Nos seus 80 anos, proclamava-se a Souza Cruz a maior contribuinte tributária do Brasil, informando que de cada cigarro vendido, o valor líquido que amealhava era de 14,79% e 9,24% para o revendedor. O que restasse da receita eram impostos lançados sobre o produto.
Depois dessa comemoração portentosa, com o passar dos anos, a insistência com que passou a ser apontado o cigarro como danoso à saúde, começou a gerar um incômodo a tolerância da propaganda das empresas tabagistas: “as terras de Marlboro”, “com meu “Villa” gosto de levar vantagem, certo? - a frase que estigmatizou o jogador Gerson e que se tornou, a frase, sinônimo de malandragem, a “lei da vantagem”.
Em 1996, pela Lei n ° 9294, fundamentando-se no artigo 202, §4° da Constituição, teve início restrições ao cigarro, vedando seu consumo em ambientes coletivos, públicos ou privados, repartições públicas, hospitais, bibliotecas, salas de aulas, etc. (art. 2º).
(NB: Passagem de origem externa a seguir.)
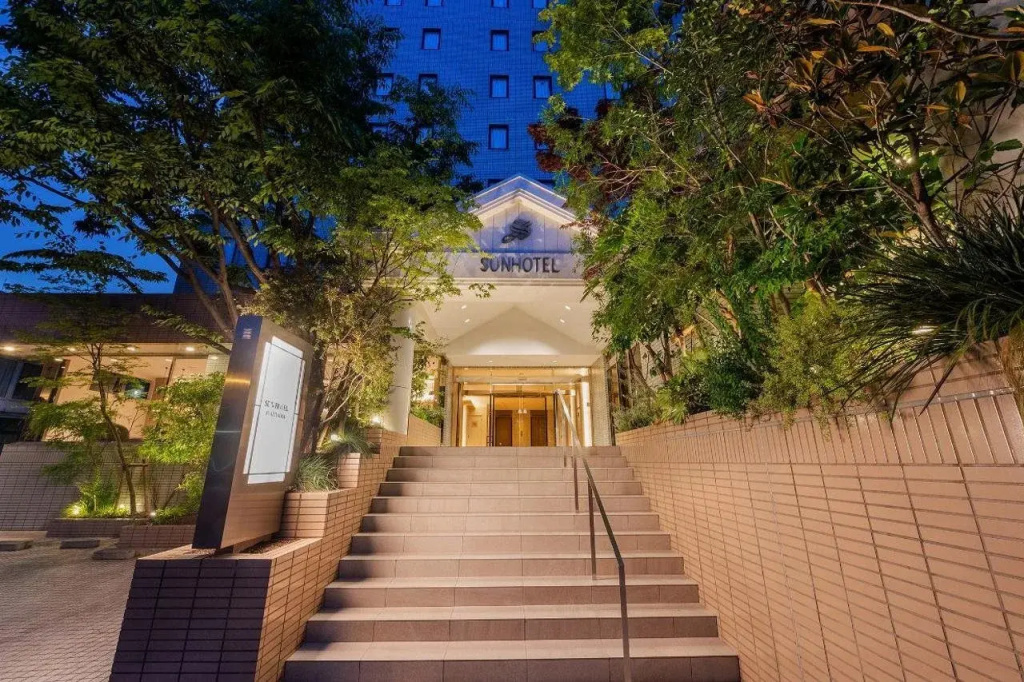 Sun Hotel Fukuyama — photo 5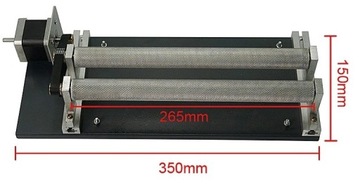 Лазерный платтер CO2 гравирующий лазер 60 Вт 40x60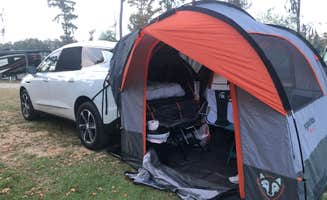 William B.'s photo at Three Rivers State Park Campground near Paradise Acres, GA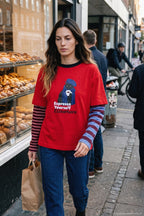 Longsleeve Espresso Elsewhere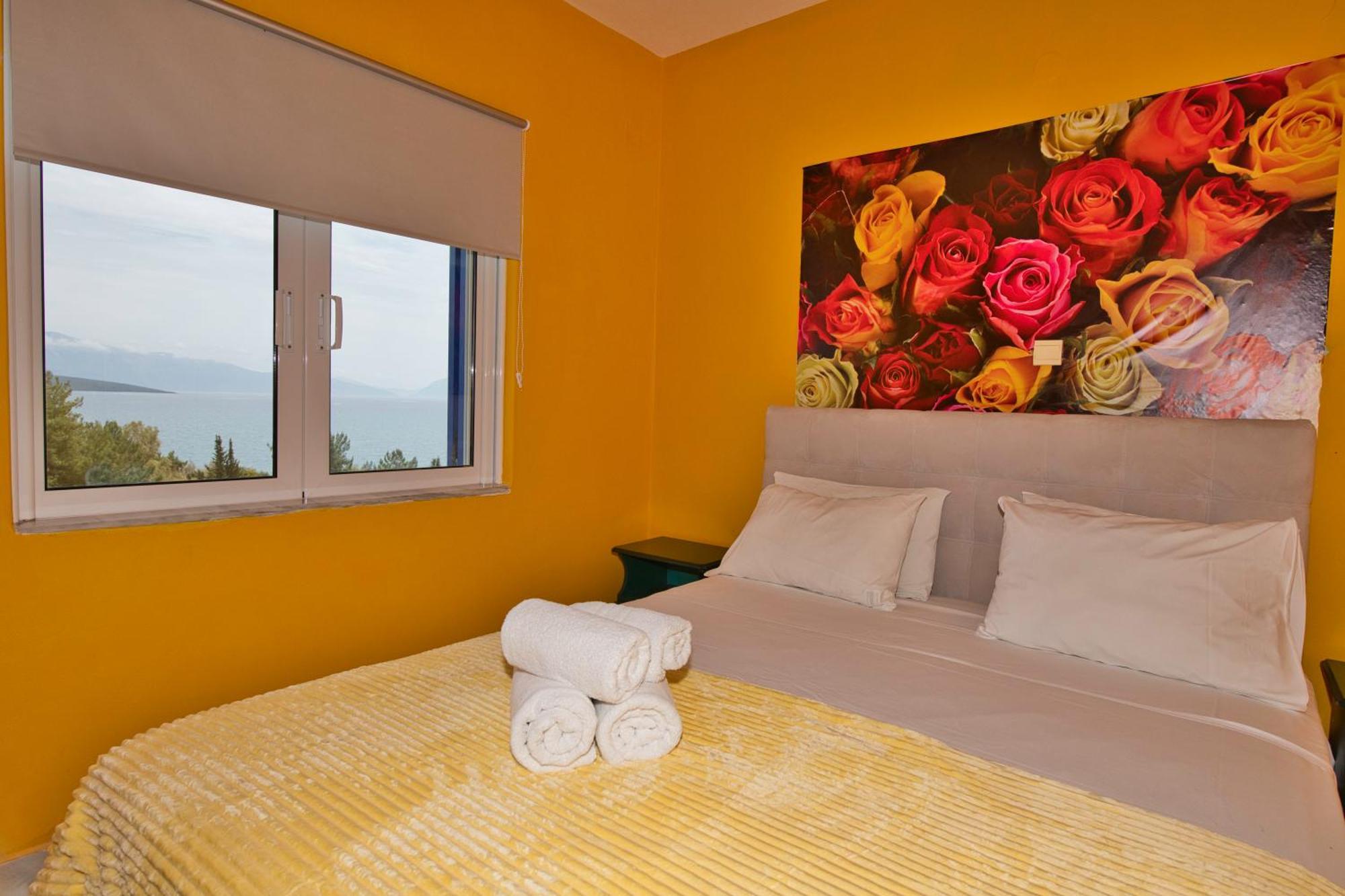 La Casa Di Nonna Anna Aparthotel Nikiana Luaran gambar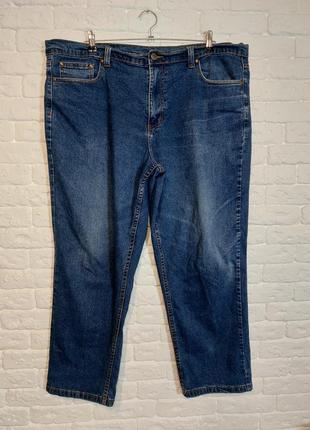 Фірмові стрейчеві джинси 40р.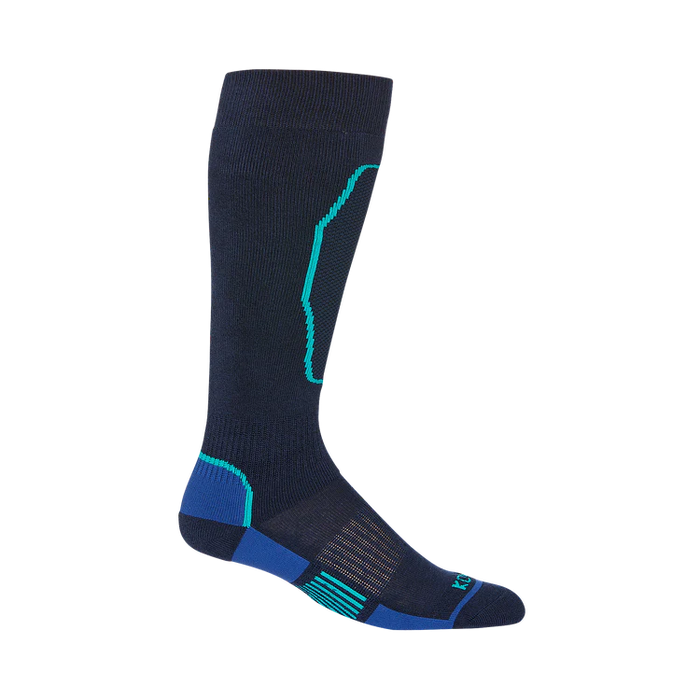 Unisex The Brave Midweight Ski Socks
Em 2001 houve alterações nessa Lei para restringir a propaganda, que passaria a ser moderada e limitada a pôsteres, painéis e cartazes, na parte interna dos locais de venda não induzindo ao consumo exagerado e, principalmente, dissociada de práticas esportivas e, nos maços, advertências e figuras demonstrando os malefícios dos cigarros e assemelhados
Culminando, por estranha coincidência com o centenário da Souza Cruz – ela foi fundada oficialmente em 03.02.1903 -, adveio a Lei n° 10.702 de 14.07.2003 que estabeleceu novas alterações na Lei n° 9294/96.
Por essas alterações, qualquer transmissão pelos meios de comunicação provinda do exterior promovida pela indústria fumageira, haveria que
“A cada intervalo de quinze minutos será veiculada, sobreposta à respectiva transmissão, mensagem de advertência escrita e falada sobre os malefícios do fumo com duração não inferior a quinze segundos em cada inserção, por intermédio das seguintes frases e de outras a serem definidas (...), usadas seqüencialmente, todas precedidas da afirmação "O Ministério da Saúde adverte":
I – "fumar causa mau hálito, perda de dentes e câncer de boca";
II – "fumar causa câncer de pulmão";
III – "fumar causa infarto do coração";
IV – "fumar na gravidez prejudica o bebê";
V – "em gestantes, o cigarro provoca partos prematuros, o nascimento de crianças com peso abaixo do normal e facilidade de contrair asma";
VI – "crianças começam a fumar ao verem os adultos fumando";
VII – "a nicotina é droga e causa dependência";
VIII – "fumar causa impotência sexual".
No portal da empresa Souza Cruz, há a seguinte nota sobre o vício do cigarro e os malefícios à saúde:
“As autoridades de saúde pública, a comunidade médica e toda a mídia têm divulgado, há décadas, a informação de que fumar está associado a doenças, encorajando as pessoas a parar de fumar. Além disso, numerosas regulamentações têm sido introduzidas pelas autoridades ao longo dos anos e todas as embalagens de cigarros contêm cláusulas de advertência. Portanto, é possível concluir que, há muito tempo, existe um alto nível de consciência da população sobre os riscos do ato de fumar ligados à saúde. Por isso, a Souza Cruz acredita que a decisão de fumar deve ser tomada por adultos e apóia o direito de adultos informados desfrutarem do prazer de fumar.”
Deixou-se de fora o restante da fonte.